Stone also points out that women who tend to "opt out" are the exception, not the rule, citing studies that indicate that 70 percent of the women who are married mothers of preschoolers still continue to work. Turn this figure around and the reality is that one out of every four women DOES decide to stay home. This book is an exploration of these particular women and it is written in what I found to be a very nonjudgmental and open style.
The author was also able to get some company heads to admit their mixed feelings about mothers in the workplace, their fears about them being less committed to their jobs or more likely to quit.
Other areas covered in this book include:
Most women quit only as a last resort (p. 18)

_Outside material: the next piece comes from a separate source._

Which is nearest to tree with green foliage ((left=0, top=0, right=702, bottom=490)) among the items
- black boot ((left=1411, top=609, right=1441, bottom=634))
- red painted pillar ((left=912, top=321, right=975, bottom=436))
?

Each woman's story was unique, often complex and with many factors.
There was often ambivalence and a shifting of roles within the home
Their decision did NOT signal a return to traditionalism (p. 19).
Their former workplaces often made it difficult, if not impossible, for them to continue balancing family and work, rejecting their attempts to create innovations while maintaining productivity.
If you'd like to know what is featured in each Chapter, here's a quick rundown:
Chapter 1 - Looks at various women (the former Ivy League sports star, the CPA, the Consultant, an editor, a stock trader, etc) and their various experiences at work.
Chapter 2- 3- Looks at the families, children and husbands.
Chapter 4- Focuses on work, problems and challenges and factors that lead to a decision to opt out.
Chapters 6-8 - Life at home, coping techniques, finding new identities.
Chapter 9- Explores possible ways that women could continue to work (if they chose) and minimizing the obstacles that make staying home a necessity, not a choice.